Levels of hippocampal and cortical RAGE in adult and aged 3xTg-AD and non-Tg control mice. Representative immunoblots of RAGE (45 kDa) expression in the hippocampus (a) and cortex (b) in adult and aged 3xTg-AD and non-Tg control mice. Levels of RAGE were significantly higher in aged 3xTg-AD mice than in aged non-Tg control, adult 3xTg-AD and adult non-Tg control mice (c, d). Data are expressed as the ratios of RAGE/actin (means±s.e.m.; n=6 per each group). *P<0.05, **P<0.01.

Figure 2

Distribution and cellular localization of RAGE in aged 3xTg-AD. Immunofluorescent RAGE images in the hippocampus and cortex (CTX) in aged non-Tg control and 3xTg-AD mouse (a). Confocal images of double-labeling with RAGE and NeuN or Iba-1 in the hippocampus and cortex in aged non-Tg control (b) and 3xTg-AD (c) mouse. The immunoreactivity of RAGE and Iba-1-positive microglia were increased in 3xTg-AD mice compared with non-Tg controls (d, e). No differences in NeuN immunoreactivity were observed between these two groups (f). The majority of RAGE labeling overlapped with NeuN-positive neurons, although some labeling was found in non-neuronal cells (c). Data are the means±s.e.m. (adult: n=6; aged: n=10). *P<0.05, **P<0.01. Scale bar=200 μm.

Figure 3

Co-localization of RAGE with GFAP-positive astrocytes in the hippocampal area CA1 of aged 3xTg-AD mice. Confocal images of triple-labeling with RAGE, GFAP and Iba-1 in the hippocampus and cortex (CTX) in aged non-Tg control (a) and 3xTg-AD (b) mouse.

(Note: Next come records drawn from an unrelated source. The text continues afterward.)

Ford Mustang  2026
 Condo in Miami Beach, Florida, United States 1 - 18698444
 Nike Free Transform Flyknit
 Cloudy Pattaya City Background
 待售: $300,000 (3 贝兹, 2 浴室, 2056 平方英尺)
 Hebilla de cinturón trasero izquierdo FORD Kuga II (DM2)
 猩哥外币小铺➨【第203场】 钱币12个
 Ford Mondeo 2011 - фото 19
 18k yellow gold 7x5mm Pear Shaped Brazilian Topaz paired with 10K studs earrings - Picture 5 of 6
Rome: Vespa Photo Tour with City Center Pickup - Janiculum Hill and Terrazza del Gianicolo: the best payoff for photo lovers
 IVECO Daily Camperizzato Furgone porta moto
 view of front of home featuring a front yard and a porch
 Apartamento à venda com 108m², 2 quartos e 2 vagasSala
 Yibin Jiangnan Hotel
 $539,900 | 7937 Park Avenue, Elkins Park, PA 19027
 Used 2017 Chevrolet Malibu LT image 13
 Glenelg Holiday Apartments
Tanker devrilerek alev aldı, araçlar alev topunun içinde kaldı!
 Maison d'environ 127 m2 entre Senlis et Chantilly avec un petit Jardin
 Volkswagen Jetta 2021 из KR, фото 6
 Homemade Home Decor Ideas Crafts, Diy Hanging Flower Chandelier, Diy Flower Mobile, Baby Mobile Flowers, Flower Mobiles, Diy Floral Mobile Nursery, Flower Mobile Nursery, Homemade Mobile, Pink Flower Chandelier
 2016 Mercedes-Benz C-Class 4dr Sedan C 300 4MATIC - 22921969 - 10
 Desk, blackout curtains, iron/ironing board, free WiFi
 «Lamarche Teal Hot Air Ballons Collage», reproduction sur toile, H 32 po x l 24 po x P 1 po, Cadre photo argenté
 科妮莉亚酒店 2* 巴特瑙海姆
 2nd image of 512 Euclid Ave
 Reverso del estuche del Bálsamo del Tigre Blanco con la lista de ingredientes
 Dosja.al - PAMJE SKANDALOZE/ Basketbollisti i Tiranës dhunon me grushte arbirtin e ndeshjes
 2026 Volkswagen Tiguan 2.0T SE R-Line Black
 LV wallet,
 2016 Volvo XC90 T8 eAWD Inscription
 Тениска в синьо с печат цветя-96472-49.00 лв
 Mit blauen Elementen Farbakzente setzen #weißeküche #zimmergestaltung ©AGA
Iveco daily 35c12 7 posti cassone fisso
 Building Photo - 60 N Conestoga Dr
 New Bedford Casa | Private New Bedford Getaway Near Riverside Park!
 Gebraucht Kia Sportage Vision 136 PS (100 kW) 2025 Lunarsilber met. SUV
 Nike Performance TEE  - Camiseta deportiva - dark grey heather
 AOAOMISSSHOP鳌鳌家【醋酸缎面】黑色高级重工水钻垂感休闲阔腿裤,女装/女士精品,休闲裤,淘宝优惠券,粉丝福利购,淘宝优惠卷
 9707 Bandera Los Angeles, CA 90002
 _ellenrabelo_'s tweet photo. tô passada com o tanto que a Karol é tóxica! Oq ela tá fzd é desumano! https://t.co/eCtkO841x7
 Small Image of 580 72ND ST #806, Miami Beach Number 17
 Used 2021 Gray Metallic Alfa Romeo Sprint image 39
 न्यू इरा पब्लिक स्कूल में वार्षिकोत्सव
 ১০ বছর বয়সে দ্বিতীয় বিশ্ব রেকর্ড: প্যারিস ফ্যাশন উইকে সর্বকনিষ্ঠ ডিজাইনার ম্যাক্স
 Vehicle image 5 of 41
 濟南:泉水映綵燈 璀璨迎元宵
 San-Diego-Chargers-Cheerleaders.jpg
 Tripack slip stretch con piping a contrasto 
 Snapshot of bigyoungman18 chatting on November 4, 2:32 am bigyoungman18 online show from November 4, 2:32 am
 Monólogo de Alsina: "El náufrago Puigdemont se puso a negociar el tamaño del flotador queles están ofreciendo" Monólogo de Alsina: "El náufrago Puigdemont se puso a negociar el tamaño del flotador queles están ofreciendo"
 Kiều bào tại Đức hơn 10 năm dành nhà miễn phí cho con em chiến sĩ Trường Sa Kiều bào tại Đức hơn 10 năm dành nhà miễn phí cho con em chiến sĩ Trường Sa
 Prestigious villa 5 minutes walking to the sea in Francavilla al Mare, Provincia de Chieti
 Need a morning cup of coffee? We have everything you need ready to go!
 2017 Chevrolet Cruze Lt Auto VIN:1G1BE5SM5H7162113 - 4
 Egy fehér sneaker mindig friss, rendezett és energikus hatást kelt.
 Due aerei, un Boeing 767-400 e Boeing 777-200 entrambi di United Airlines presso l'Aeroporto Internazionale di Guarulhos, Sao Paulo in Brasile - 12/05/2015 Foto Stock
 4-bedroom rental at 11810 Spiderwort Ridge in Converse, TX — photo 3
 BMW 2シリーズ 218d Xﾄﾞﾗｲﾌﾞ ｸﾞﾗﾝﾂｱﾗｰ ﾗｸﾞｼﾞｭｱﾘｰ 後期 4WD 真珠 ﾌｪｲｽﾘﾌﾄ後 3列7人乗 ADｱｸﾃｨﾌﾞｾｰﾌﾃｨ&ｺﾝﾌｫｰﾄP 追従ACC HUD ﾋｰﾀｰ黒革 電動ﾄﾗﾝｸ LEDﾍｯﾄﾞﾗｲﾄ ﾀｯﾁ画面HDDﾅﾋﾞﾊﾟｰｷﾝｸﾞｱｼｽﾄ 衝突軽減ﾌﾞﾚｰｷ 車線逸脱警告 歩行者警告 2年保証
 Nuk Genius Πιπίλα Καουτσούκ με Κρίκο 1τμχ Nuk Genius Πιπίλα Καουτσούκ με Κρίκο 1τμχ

Immunoreactivity of GFAP-positive astrocytes in aged 3xTg-AD mice was not significantly different from that in aged non-Tg control mice, even though immunoreactivity in the CA1 was higher (c). However, the signals of RAGE (blue) co-localized with GFAP (green)-positive astrocytes (Iba-1 (red), d) (see reverse triangles). The number of RAGE-expressing astrocytes in the hippocampal area CA1 in aged3xTg-AD was significantly higher than in non-Tg controls (e,*P<0.05). Data are the means±s.e.m. (adult: n=6; aged: n=10). Scale bar=200 μm.

Figure 4

Distribution of 4G8-positive APP/Aβ and its co-localization with RAGE in aged 3xTg-AD mice. Confocal images of double-labeling with RAGE and 4G8 in the hippocampus and cortex (CTX) in aged non-Tg control (a, d) and 3xTg-AD (b, e) mouse. Immunoreactive labeling for 4G8, a monoclonal antibody detecting APP/Aβ, was increased in aged 3xTg-AD mice compared with aged non-Tg controls (c). Notably, in the cortex, the immunoreactivity of 4G8 was significantly increased only in layer 5, whereas there were no differences in other layers (c). In the hippocampus, 4G8 immunoreactivity was significantly increased in area CA1 and CA3 but not in the DG (c). Labeling for intracellular 4G8 in neurons was co-localized with RAGE expression, whereas that for extracellular 4G8 was not (e). Data are means±s.e.m. (adult: n=6; aged: n=10). *P<0.05. Scale bar=100 μm.

Figure 5

Distribution of HT7-positive human tau protein and its co-localization with RAGE in aged 3xTg-AD mice. Confocal images of double-labeling with RAGE and HT7 in the hippocampus and cortex (CTX) in aged non-Tg control (a, d) and 3xTg-AD (b, e) mice. Immunoreactivity of HT7, a marker of human tau protein, was higher in the hippocampal area CA1 of aged 3xTg-AD mice compared with aged non-Tg control (c). HT7 labeling overlapped with RAGE. In aged 3xTg-AD mice, HT7 was expressed in some cortical neurons, CA1 neurons, and some axons of the mossy fiber, whereas the DG and hippocampal area CA3 did not show immunoreactivity for HT7 when compared with aged non-Tg controls (e). Data are means±s.e.m. (adult: n=6; aged: n=10). **P<0.01. Scale bar=100 μm.